INSTRUCTIONS TO FOLLOW: Down to the last character, repeat the data that follows.

Scraped caption text data
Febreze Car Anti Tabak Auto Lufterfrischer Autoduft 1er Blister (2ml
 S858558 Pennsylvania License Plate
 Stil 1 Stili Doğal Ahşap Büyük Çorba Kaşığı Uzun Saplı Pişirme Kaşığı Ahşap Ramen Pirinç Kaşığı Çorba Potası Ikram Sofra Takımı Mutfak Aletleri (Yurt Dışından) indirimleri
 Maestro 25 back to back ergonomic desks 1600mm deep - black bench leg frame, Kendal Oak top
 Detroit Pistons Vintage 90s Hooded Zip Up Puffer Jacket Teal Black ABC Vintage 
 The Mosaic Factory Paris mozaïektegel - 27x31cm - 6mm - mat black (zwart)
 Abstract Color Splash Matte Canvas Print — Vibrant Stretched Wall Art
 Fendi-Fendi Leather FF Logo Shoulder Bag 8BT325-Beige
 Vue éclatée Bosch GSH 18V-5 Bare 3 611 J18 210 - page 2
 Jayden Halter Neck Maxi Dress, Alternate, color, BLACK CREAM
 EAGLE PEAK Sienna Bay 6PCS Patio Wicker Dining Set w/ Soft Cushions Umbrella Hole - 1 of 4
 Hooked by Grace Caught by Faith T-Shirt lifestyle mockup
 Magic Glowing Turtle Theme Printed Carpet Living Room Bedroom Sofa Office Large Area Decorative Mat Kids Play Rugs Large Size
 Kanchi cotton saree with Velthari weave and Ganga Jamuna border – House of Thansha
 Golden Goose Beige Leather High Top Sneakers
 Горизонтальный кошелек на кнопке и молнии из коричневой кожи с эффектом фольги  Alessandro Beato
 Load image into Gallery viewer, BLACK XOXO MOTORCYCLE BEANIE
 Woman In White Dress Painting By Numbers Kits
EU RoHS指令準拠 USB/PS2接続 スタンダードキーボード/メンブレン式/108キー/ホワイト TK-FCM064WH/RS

YOUR RESPONSE:
Febreze Car Anti Tabak Auto Lufterfrischer Autoduft 1er Blister (2ml
 S858558 Pennsylvania License Plate
 Stil 1 Stili Doğal Ahşap Büyük Çorba Kaşığı Uzun Saplı Pişirme Kaşığı Ahşap Ramen Pirinç Kaşığı Çorba Potası Ikram Sofra Takımı Mutfak Aletleri (Yurt Dışından) indirimleri
 Maestro 25 back to back ergonomic desks 1600mm deep - black bench leg frame, Kendal Oak top
 Detroit Pistons Vintage 90s Hooded Zip Up Puffer Jacket Teal Black ABC Vintage 
 The Mosaic Factory Paris mozaïektegel - 27x31cm - 6mm - mat black (zwart)
 Abstract Color Splash Matte Canvas Print — Vibrant Stretched Wall Art
 Fendi-Fendi Leather FF Logo Shoulder Bag 8BT325-Beige
 Vue éclatée Bosch GSH 18V-5 Bare 3 611 J18 210 - page 2
 Jayden Halter Neck Maxi Dress, Alternate, color, BLACK CREAM
 EAGLE PEAK Sienna Bay 6PCS Patio Wicker Dining Set w/ Soft Cushions Umbrella Hole - 1 of 4
 Hooked by Grace Caught by Faith T-Shirt lifestyle mockup
 Magic Glowing Turtle Theme Printed Carpet Living Room Bedroom Sofa Office Large Area Decorative Mat Kids Play Rugs Large Size
 Kanchi cotton saree with Velthari weave and Ganga Jamuna border – House of Thansha
 Golden Goose Beige Leather High Top Sneakers
 Горизонтальный кошелек на кнопке и молнии из коричневой кожи с эффектом фольги  Alessandro Beato
 Load image into Gallery viewer, BLACK XOXO MOTORCYCLE BEANIE
 Woman In White Dress Painting By Numbers Kits
EU RoHS指令準拠 USB/PS2接続 スタンダードキーボード/メンブレン式/108キー/ホワイト TK-FCM064WH/RS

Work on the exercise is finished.